Place the shaped dough seam-side up in a well-floured proofing basket.
6. Cold Fermentation
Cover your proofing basket and place it in the refrigerator for about 12 hours. This slow, cold fermentation develops complex flavors and makes the dough easier to handle and score before baking.
7. Baking
Preheat your oven to 230°C (450°F) with a Dutch oven, baking stone, or heavy baking sheet inside.
When ready to bake, carefully turn your dough out onto parchment paper, score the top with a sharp knife or razor blade, and transfer it to your preheated baking surface.
Bake with humidity (either by using a Dutch oven with the lid on, or by adding a tray of boiling water to the oven) for about 35 minutes for a 500g loaf.
8. Cooling
Resist the temptation to cut into your freshly baked loaf right away! Allow it to cool for 4-5 hours. This resting period is essential—the bread continues to cook and set internally, and the flavors develop and distribute more evenly.
Caring For Your Sourdough Starter
Your sourdough starter is a living culture that will serve you faithfully with proper care. Here's how to maintain it:
Regular Feeding: Feed your starter at least once per week.
Feeding Ratio: Use a 1:1:1 ratio by weight. For example, 100ml starter + 100ml water + 100g flour.
Consistency: Always feed with the same flour to maintain stability.
Storage: Store in the refrigerator at around 4°C between baking sessions.
Baking Preparation: When planning to bake:
Remove the starter from the refrigerator
Let it sit at room temperature for one hour
Feed it using the 1:1:1 ratio
Divide it—return half to the refrigerator for future baking and keep half out to use in your recipe
Let the portion you'll use in baking sit at room temperature (ideally around 25°C) until it's doubled in size and looks bubbly and active (usually 3-4 hours)
Once it's visibly active with plenty of bubbles, it's ready to use in your recipe
Final Thoughts
Sourdough baking is as much about patience and observation as it is about technique.
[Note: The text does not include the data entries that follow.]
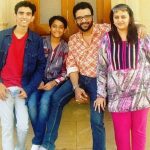 vandana-vithlani-with-her-husband-and-children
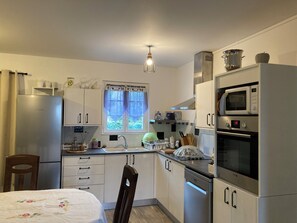 Refrigerador, microondas, horno, placa de cocina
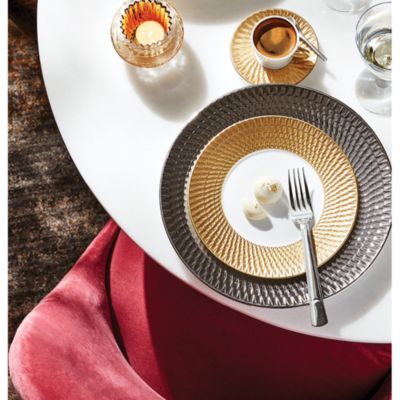 Twist Dinnerware Collection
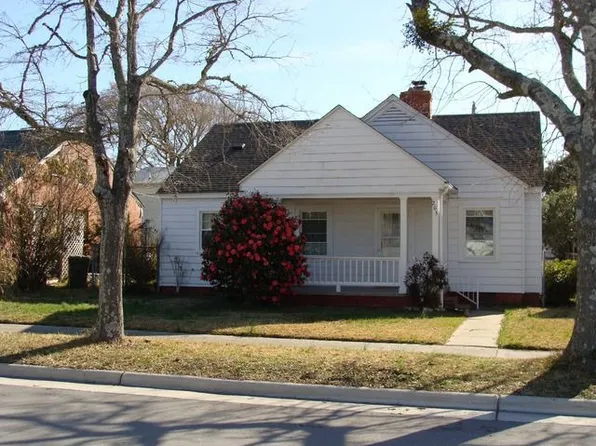 205 S 17th St, Morehead City, NC 28557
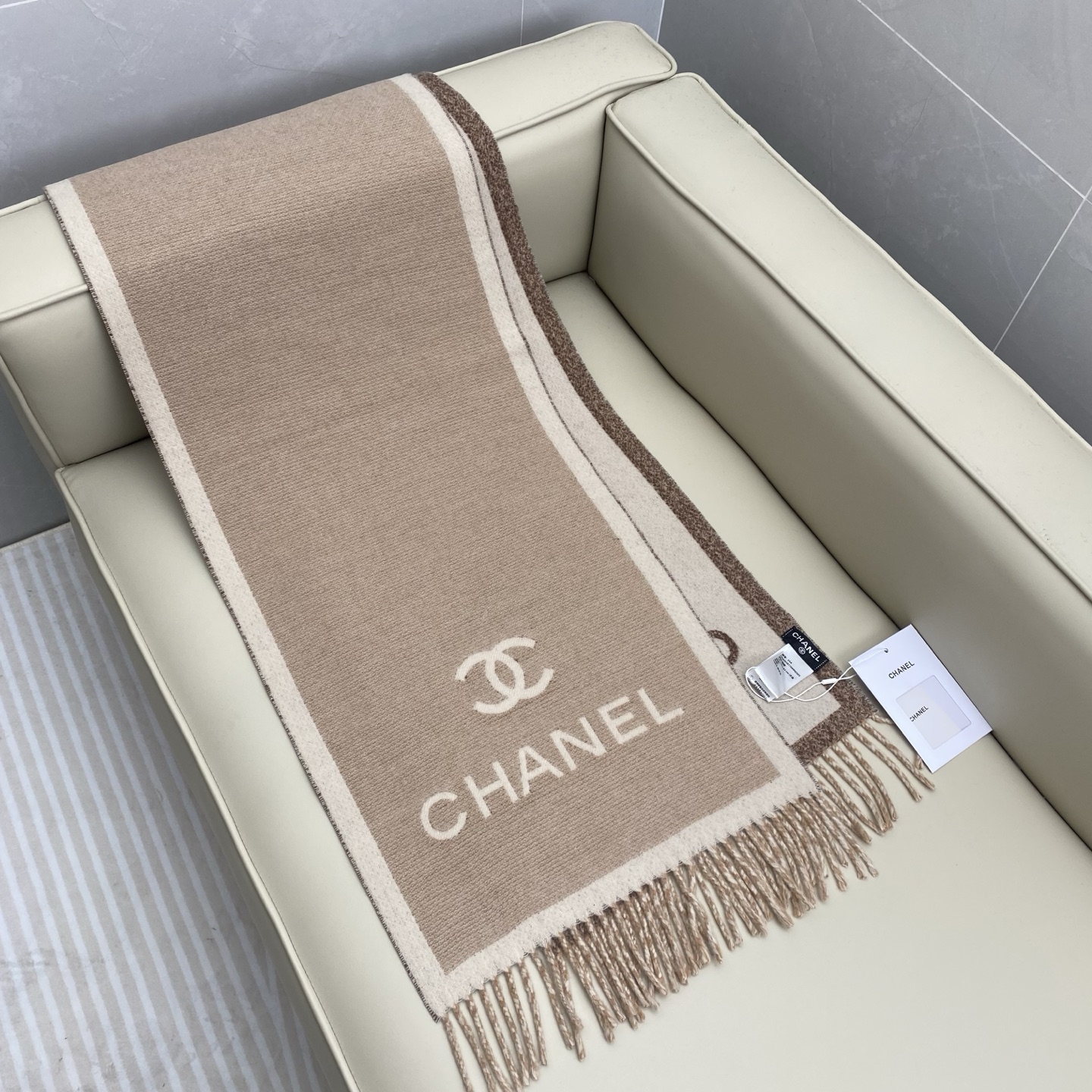 𝑪𝒉香香 25𝐀𝐁羊毛围巾195*35cm 100%棉羊毛手感软软的薄款围巾，简单的双色搭配设计，超级百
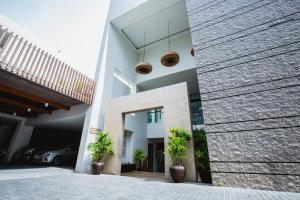 kc beach club and pool villas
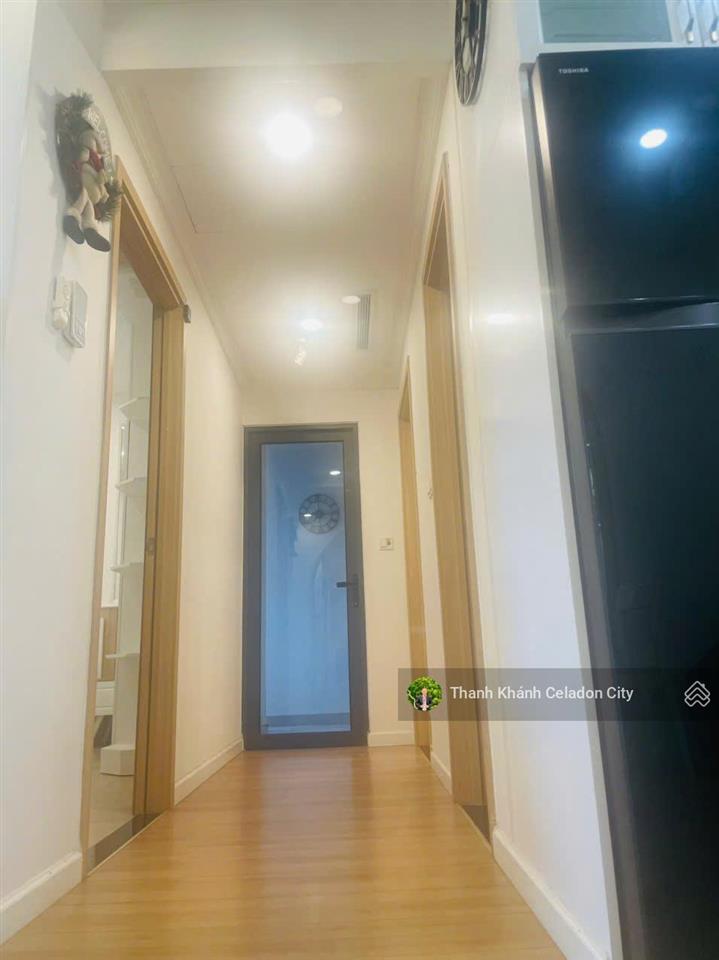 Bán gấp căn 2pn, 2wc, 1 bancon, 71m2 khu emerald celadon city tân phú, giá 5ty8 view hồ, đông nam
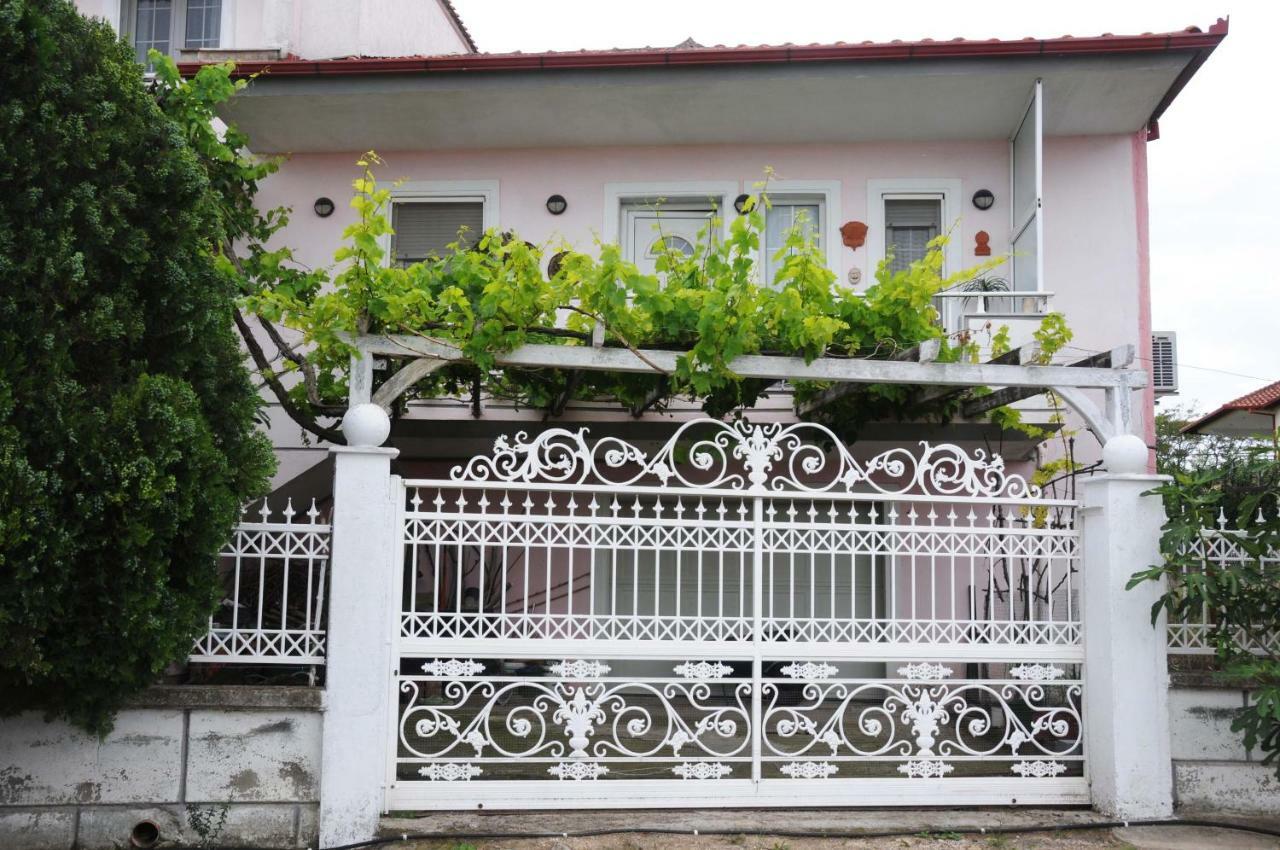House Of Arts Apartamento Pella  Exterior foto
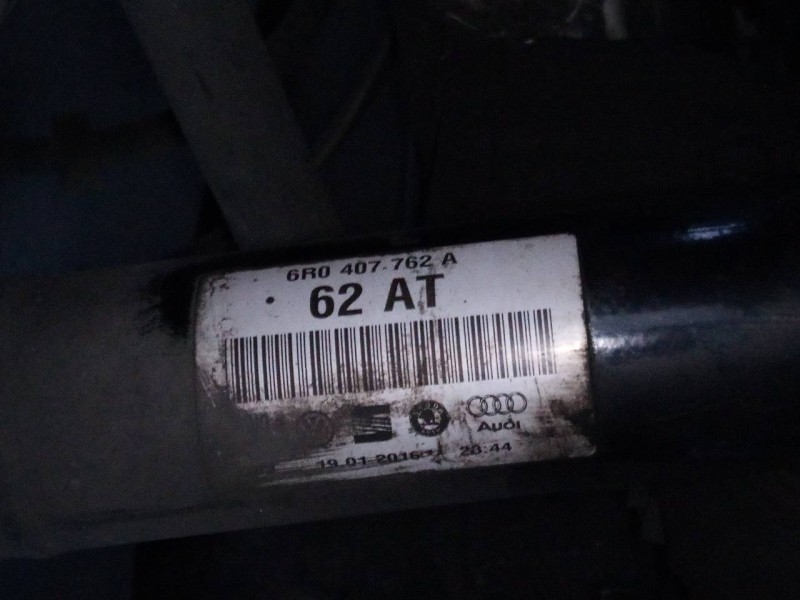 Recambio de transmision delantera derecha para skoda rapid active referencia OEM IAM 6R0407762A  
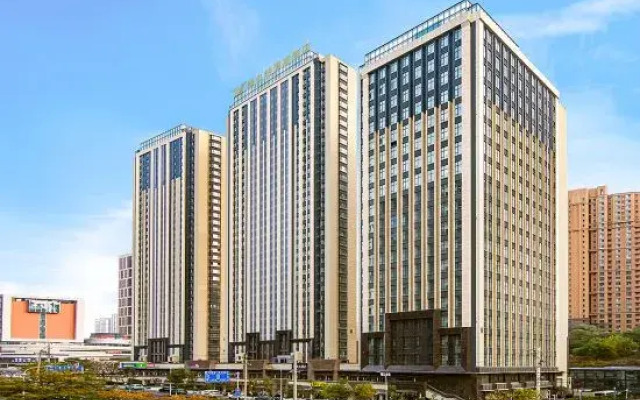 Vienna International Hotel (Jinan Olympic Sports Center Longao Building Branch)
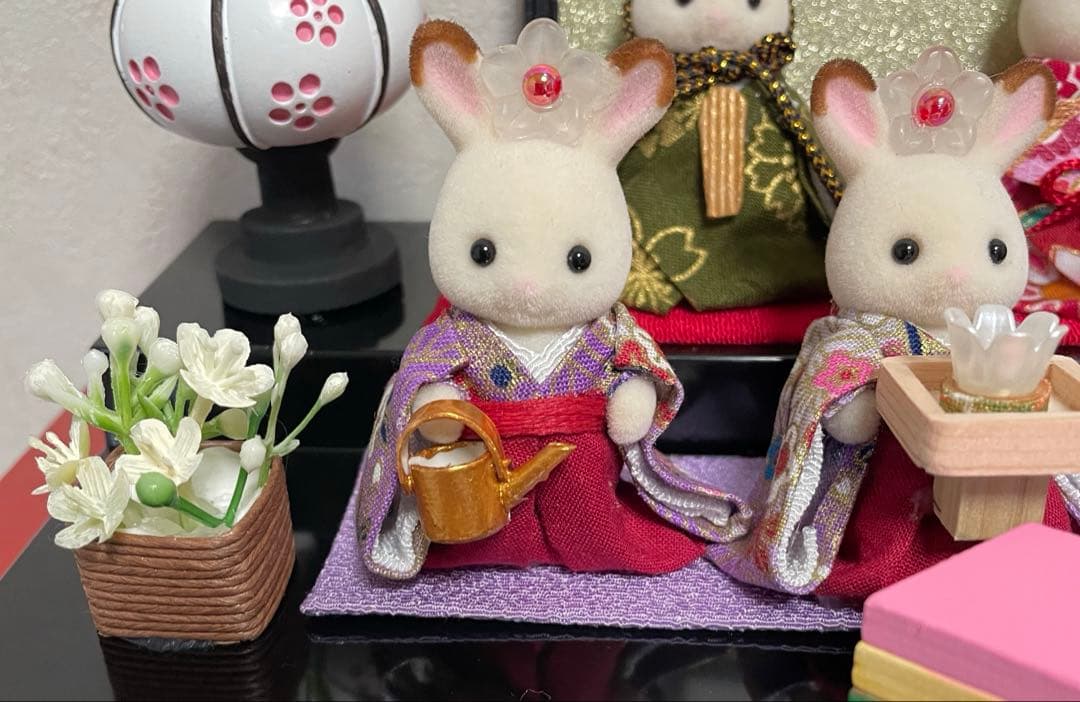 雛人形 シルバニア赤ちゃん ケース入り 二段飾り 三人官女 - メルカリ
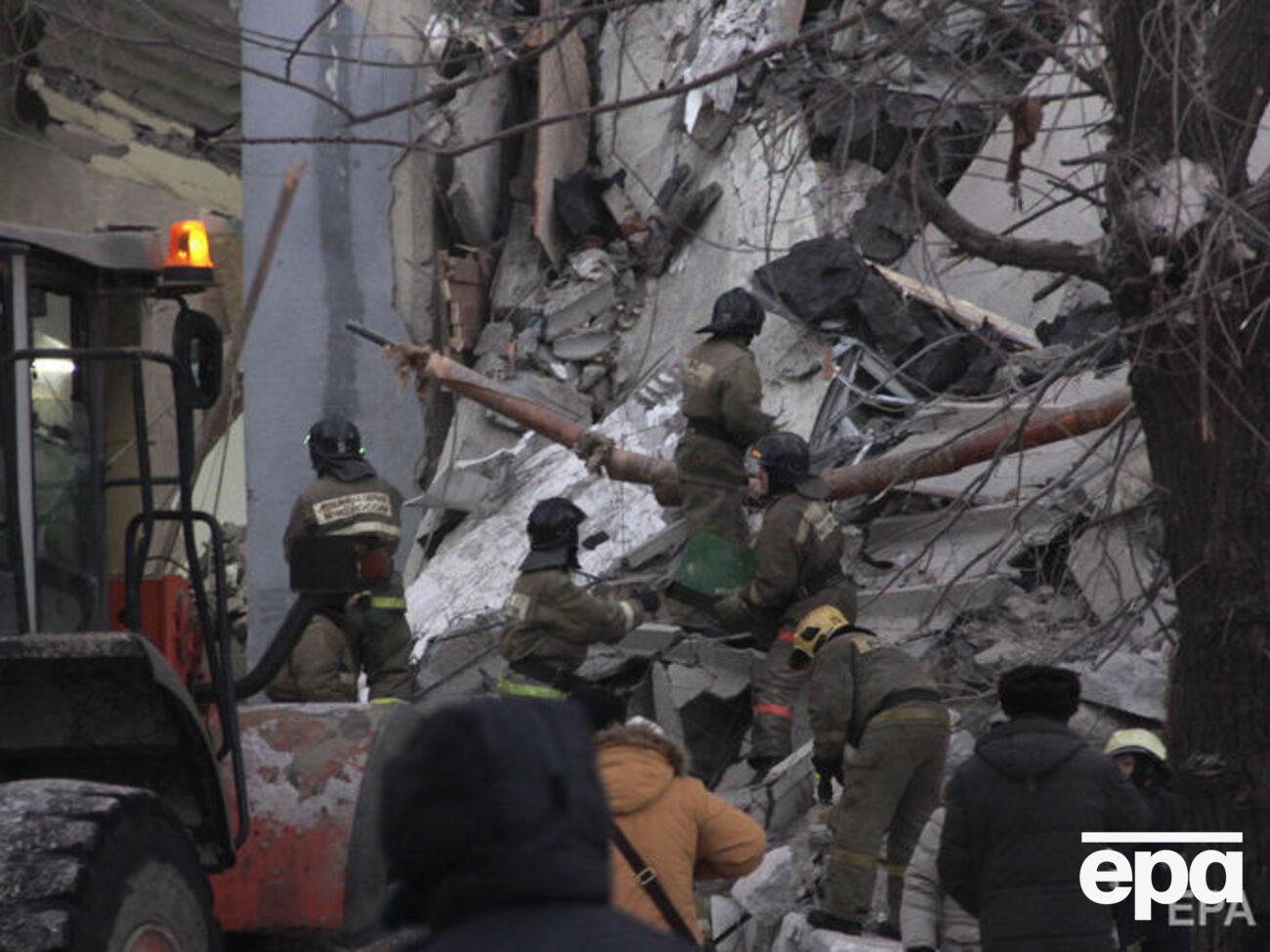 В результате обрушения дома погибло 39 человек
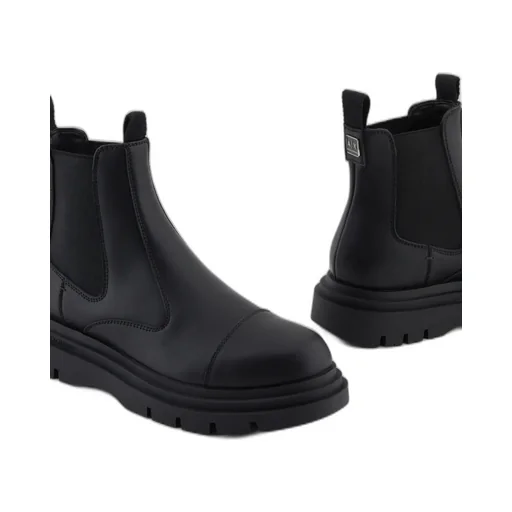 Round Toe Boots
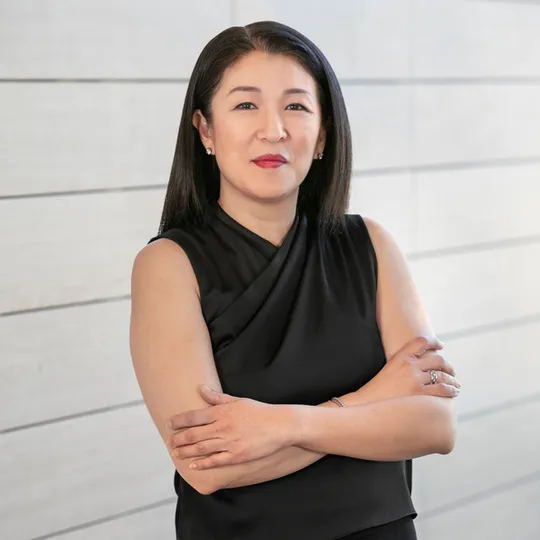 Mina Hwang, Agent in  - Compass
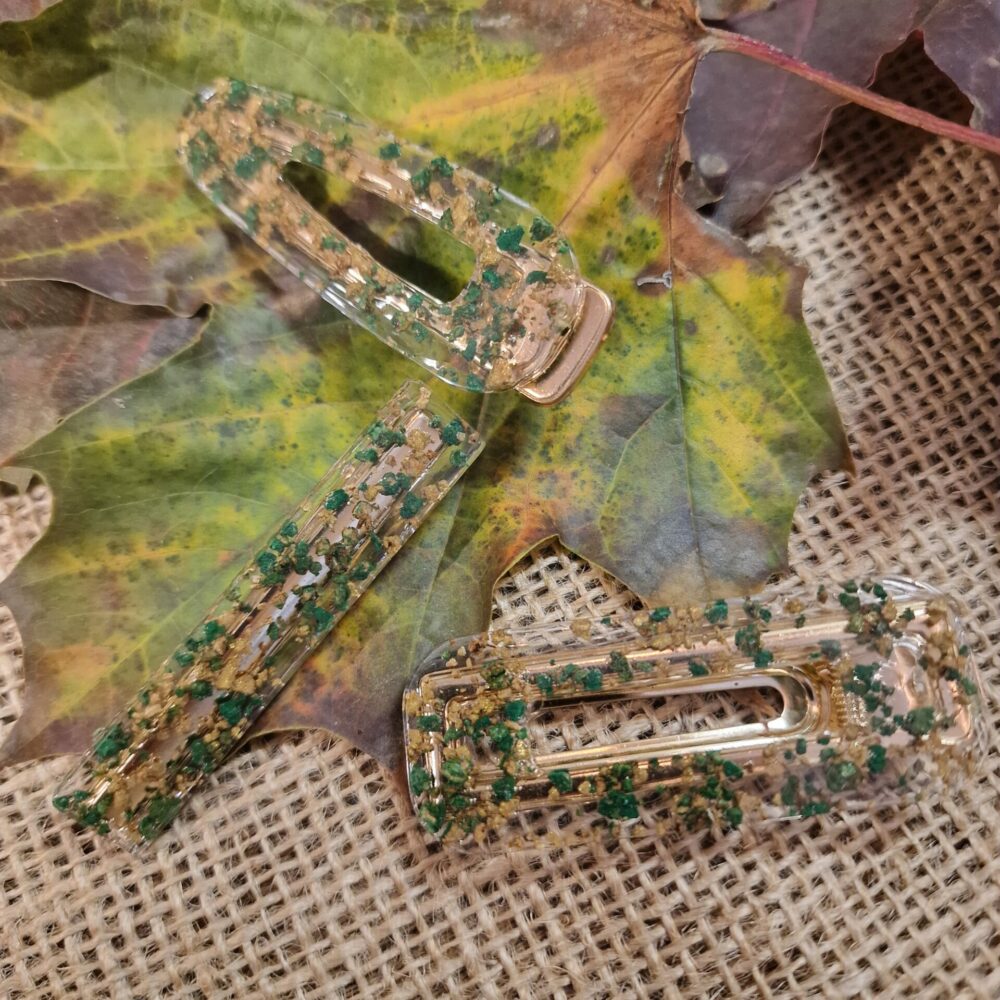 Ensemble de trois barrettes artisanales en résine transparente, inclusions de liège et éclats verts et dorés, attaches dorées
Each loaf teaches you something new about the process, and over time, you'll develop an intuitive feel for your dough.
Don't be discouraged if your first few loaves aren't perfect—sourdough baking is a journey, not a destination. The wonderful thing about this basic formula is its forgiveness and adaptability. As you gain confidence, you can adjust hydration levels, experiment with different flour combinations, or play with fermentation times to create your signature loaf.
Happy baking, and welcome to the wonderful world of sourdough!